# TARDIS Analysis Tool Documentation 📊
This tool is designed to analyze and compare TARDIS regression data across different commits. It provides visualization capabilities using Plotly for:

1. **Direct Spectrum Comparison**: Compares the luminosity vs wavelength plots across different commits
2. **Residual Analysis**: Shows the fractional differences between spectra from different commits



## Imports 📥

In [None]:
import os
from git import Repo
from tardis_analysis import (
    process_commits, load_h5_data, SPECTRUM_KEYS, PLOTLY_COLORS,
    commits
)
from tardis_analysis.combined_viz import plot_combined_analysis_plotly
import plotly.graph_objects as go
from plotly.subplots import make_subplots

## Configuration Settings ⚙️

The configuration dictionary defines essential parameters for the analysis:

- **Repository Paths**:
  - `tardis_repo`: Path to TARDIS repository
  - `regression_data_repo`: Path to regression data repository

- **Parameters**:
  - `branch`: Target branch for analysis (default: "master")
  - `n`: Number of commits to analyze (default: 2), will be ignored if commits list is provided
  - `target_file`: Path to HDF5 file containing spectrum solver test data
  - `save_plots`: Boolean flag to enable plot saving (default: True)
  - `gap`: Number of days between each commit
  - `info`: If True, returns a DataFrame with hash, author, and message; otherwise returns a list of hashes

- **Optional Parameters**:
  - `commits`: List of specific commit hashes (commented out by default)
  - `output_dir`: Custom output directory (defaults to "comparison_plots" in tardis_repo if None)

In [None]:
# commits.calculate_commits(n=10, gap=0, info=True)

In [None]:
config = {
    "tardis_repo": "/home/riddhi/workspace/tardis-main/tardis",
    "regression_data_repo": "/home/riddhi/workspace/tardis-main/tardis-regression-data",
    "branch": "master",
    "n": 3,
    "target_file": "tardis/spectrum/tests/test_spectrum_solver/test_spectrum_solver/TestSpectrumSolver.h5",
    "output_dir": None,
    "commits": ["300e565e83112528faaa76e970057ffb1b13f743", "2a06fdfb60190bbd9b49ff572d78772607138660", "2d775dcd1c486227532f537fc41066e942000e56"],  # Uncomment for specific commits
    # "commits": commits.calculate_commits(n=10, gap=0, info=False), #Uncomment for n commits with custom gap
    "save_plots": True
}

if config["output_dir"] is None:
    config["output_dir"] = os.path.join(config["tardis_repo"], "comparison_plots")

## Process Commits ↻

This code processes either specific commits or the latest `n` commits from the TARDIS repository. For each commit, it runs regression tests, generates reference data, and stores the results in the regression data repository. The function returns the processed commit hashes, corresponding regression commit hashes, original HEAD position, and the target file path.

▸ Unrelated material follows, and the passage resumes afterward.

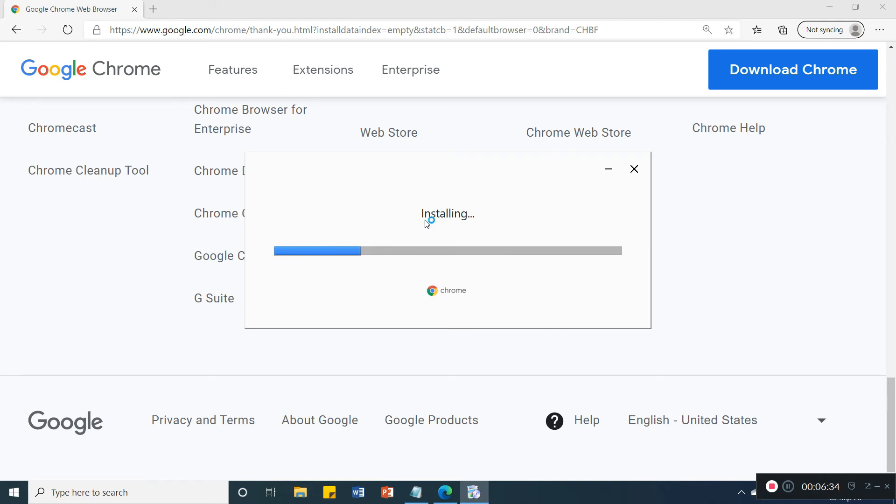Now the installation starts. Google has downloaded and now has the installation on our computer and laptop.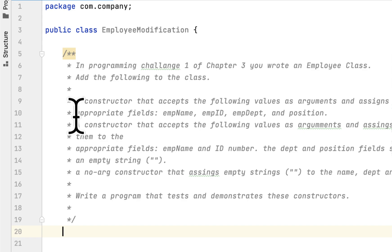Welcome back. Today we continue our programming challenges in the book 'Starting Out with Java'. We are in chapter 6 and the problem is number 6 in chapter 6. The problem is we have to create an Employee class — it's called Employee class modification, so we have to modify a class that we created earlier in chapter 3.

It handles both specific commit inputs (via `commits` parameter) and default behavior (latest `n` commits), ensuring proper repository state management throughout the process.


In [None]:
if config.get("commits"):
    processed_commits, regression_commits, original_head, target_file_path = process_commits(
        config["tardis_repo"], config["regression_data_repo"], 
        config["branch"], config["target_file"], 
        commits_input=config["commits"]
    )
else:
    processed_commits, regression_commits, original_head, target_file_path = process_commits(
        config["tardis_repo"], config["regression_data_repo"], 
        config["branch"], config["target_file"], 
        n=config["n"]
    )

## Load HDF5 Data 📊

This code loads spectrum data from the regression repository for each processed commit. It initializes an empty list `commit_data`, then iterates through each regression commit to load the corresponding HDF5 data. For each commit, it checks out the commit, loads wavelength and luminosity data using `load_h5_data()`, and stores it in the list.
After processing all commits, it resets the repository to its original state and returns to the main branch.

In [None]:
commit_data = []
regression_repo = Repo(config["regression_data_repo"])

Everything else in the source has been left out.